Notons enfin une erreur d'analyse commise par la Cour à propos des dispositions familiales en matière de retraites (bonifications d'annuités, majorations de pensions). J'ai suffisamment critiqué, depuis longtemps, les inégalités engendrées par la maladresse de ces dispositions pour ne pas reprocher à la Cour de le faire à son tour. En revanche, elle dit que ces dispositions constituent une aide différée : ce n'est pas vrai ; ces dispositions représentent une prise en compte – maladroite et insuffisante – de l'apport des familles. Elles sont éminemment contributives , puisque c'est la mise au monde et l'éducation des enfants qui constitue la vraie préparation des retraites. Nos cotisations, elles, paient les pensions versées aux retraités actuels, mais ne préparent rien pour l'avenir. Renvoyons nos bons magistrats à la lecture de Sauvy : Pas d'enfants, pas de retraites.
Si la Cour des comptes avait eu l'interprétation correcte des dispositions familiales en matière de retraites, cela lui aurait permis de compléter l'excellente analyse critique qu'elle fait du Fonds de solidarité-vieillesse.

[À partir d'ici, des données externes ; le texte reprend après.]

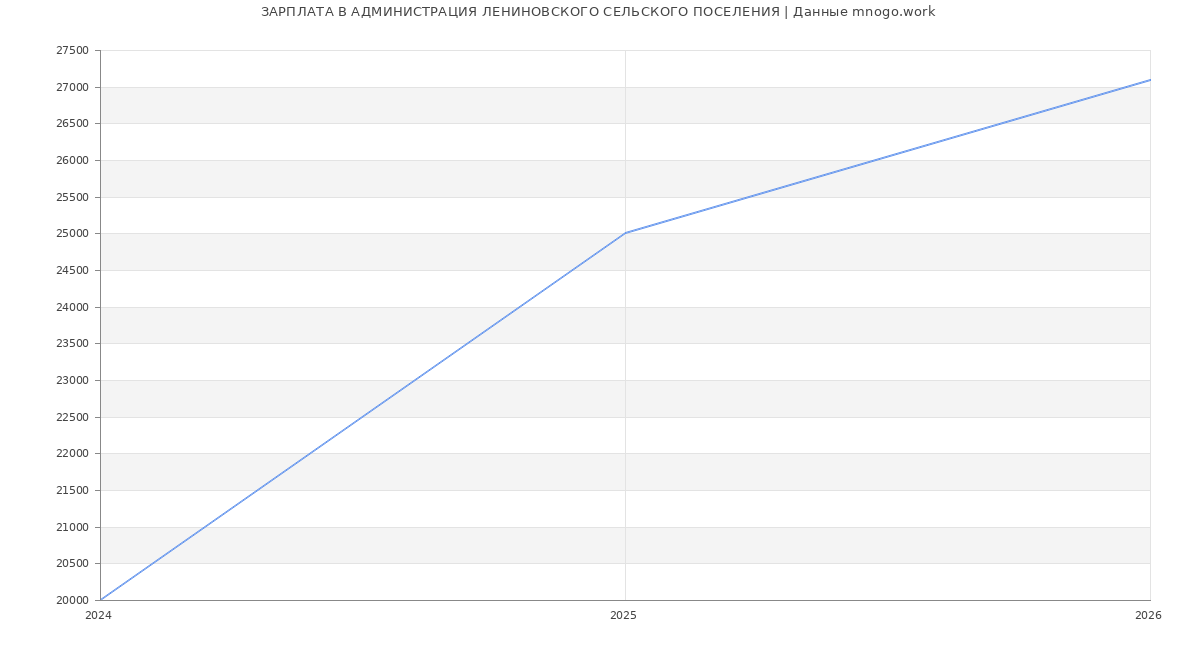 Статистика зарплат АДМИНИСТРАЦИЯ ЛЕНИНОВСКОГО СЕЛЬСКОГО ПОСЕЛЕНИЯ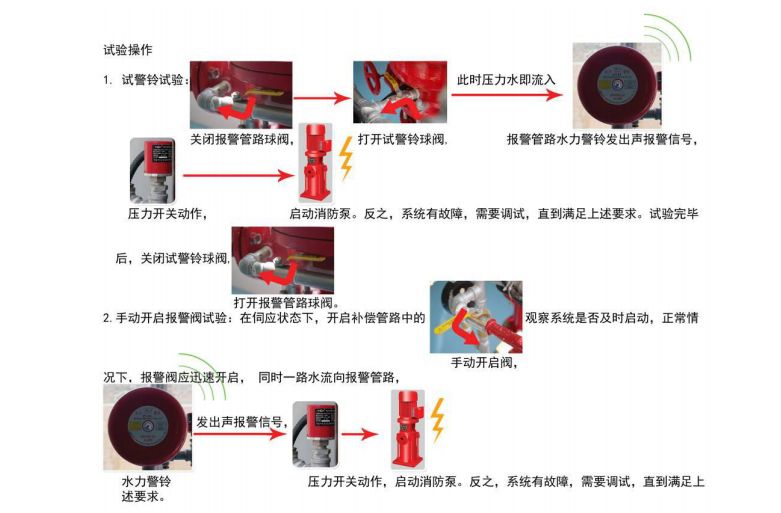 消防器材与滑阀自动手动切换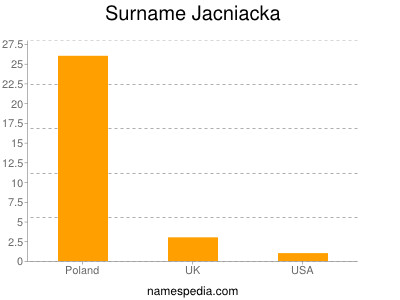 Surname Jacniacka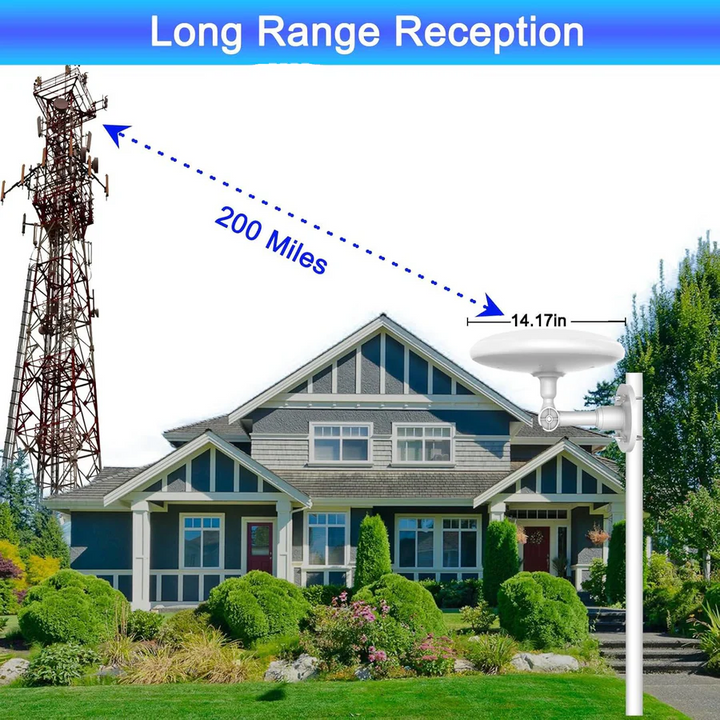 Digital Outdoor TV Antenna Long Range HD Signal Reception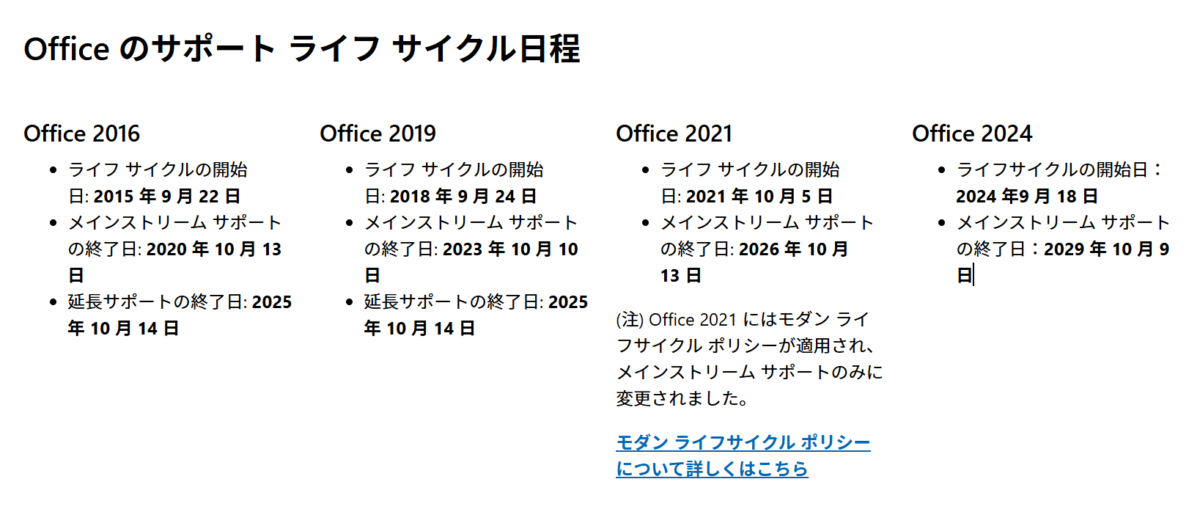 Office のサポート ライフ サイクル日程
Office 2016
ライフ サイクルの開始日: 2015 年 9 月 22 日
メインストリーム サポートの終了日: 2020 年 10 月 13 日
延長サポートの終了日: 2025 年 10 月 14 日
Office 2019
ライフ サイクルの開始日: 2018 年 9 月 24 日
メインストリーム サポートの終了日: 2023 年 10 月 10 日
延長サポートの終了日: 2025 年 10 月 14 日
Office 2021
ライフ サイクルの開始日: 2021 年 10 月 5 日
メインストリーム サポートの終了日: 2026 年 10 月 13 日
(注) Office 2021 にはモダン ライフサイクル ポリシーが適用され、メインストリーム サポートのみに変更されました。
Office 2024
ライフサイクルの開始日:2024 年9 月 18 日
メインストリーム サポートの終了日:2029 年 10 月 9 日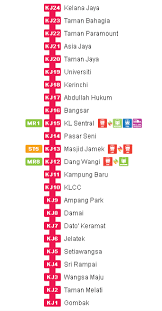 Kelana jaya lrt station is a light rail station on the kelana jaya line. Properties Within 1km Along Lrt Kelana Jaya Line Hartanah Girl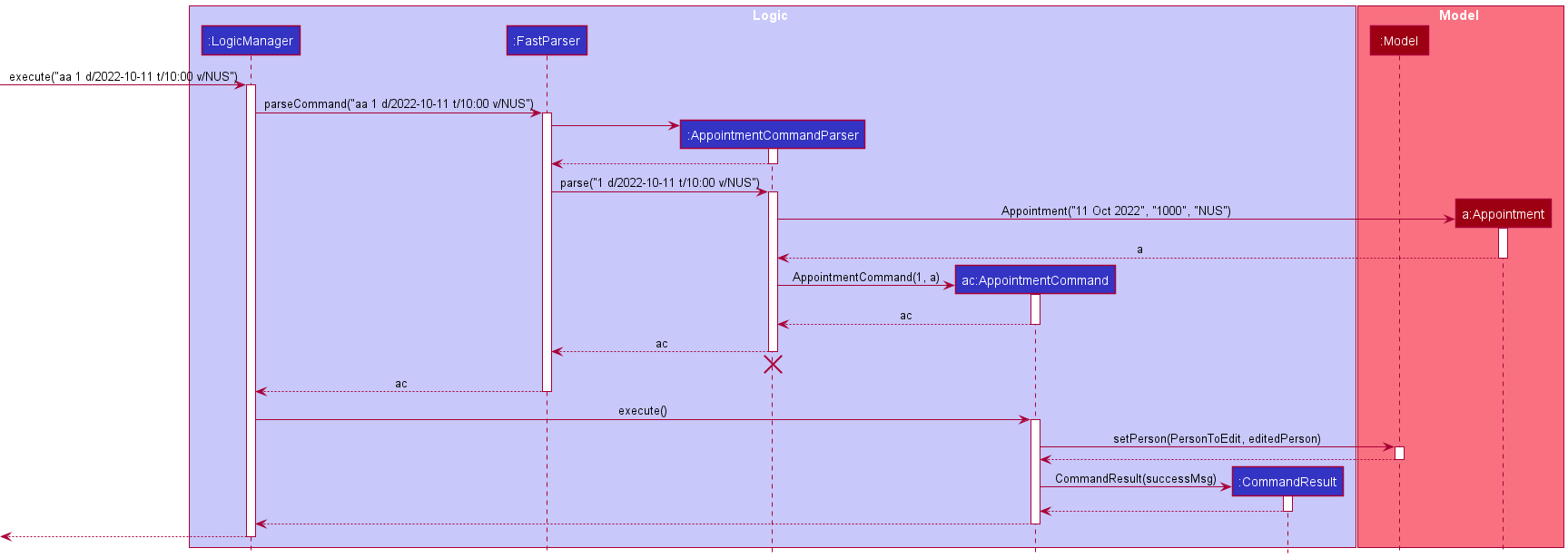 Appointment_Sequence_Diagram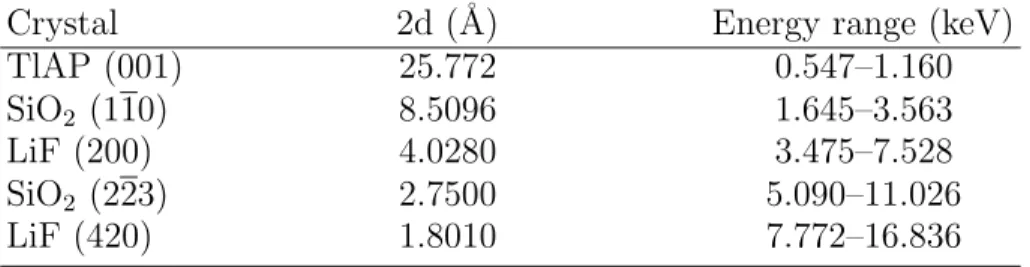 TABLE I: Characteristics of the employed crystals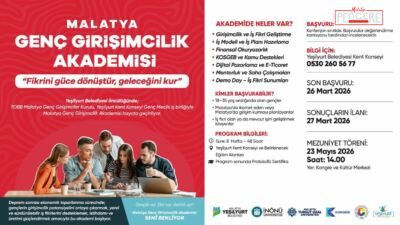 Yeşilyurt Belediyesi öncülüğünde hayata geçirilen Malatya Genç Girişimcilik Akademisi, 28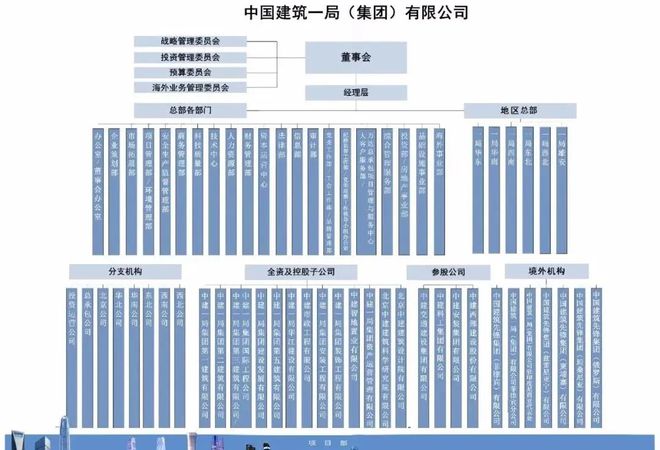 中建八个局的来历背景惊人！附最新企业图谱及组织结构图！！(图2)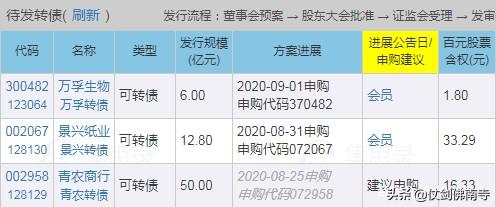打新股技巧(打新股絕招)-添財網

Elle montre qu'il s'agit d'une sorte de poudre aux yeux destinée à voiler une partie du déficit réel de la branche vieillesse ; elle préconise en conséquence que ce fonds soit purement et simplement réintégré dans le régime général : quel beau pavé dans la mare des gouvernements qui se sont succédé depuis vingt ans en utilisant pour tout et n'importe quoi ce fonds placé sous le patronage de la solidarité !
Cette Cour des comptes qui casse la langue de bois, qui ose dire que le roi est nu, constitue un puissant facteur de rénovation de nos méthodes gouvernementales et administratives. C'est la raison pour laquelle je lui reproche vertement ses insuffisances au niveau de la conception du rôle économique de la famille : comme dit le dicton, qui aime bien châtie bien .
*Jacques Bichot est économiste, professeur à l'Université Jean-Moulin (Lyon 3).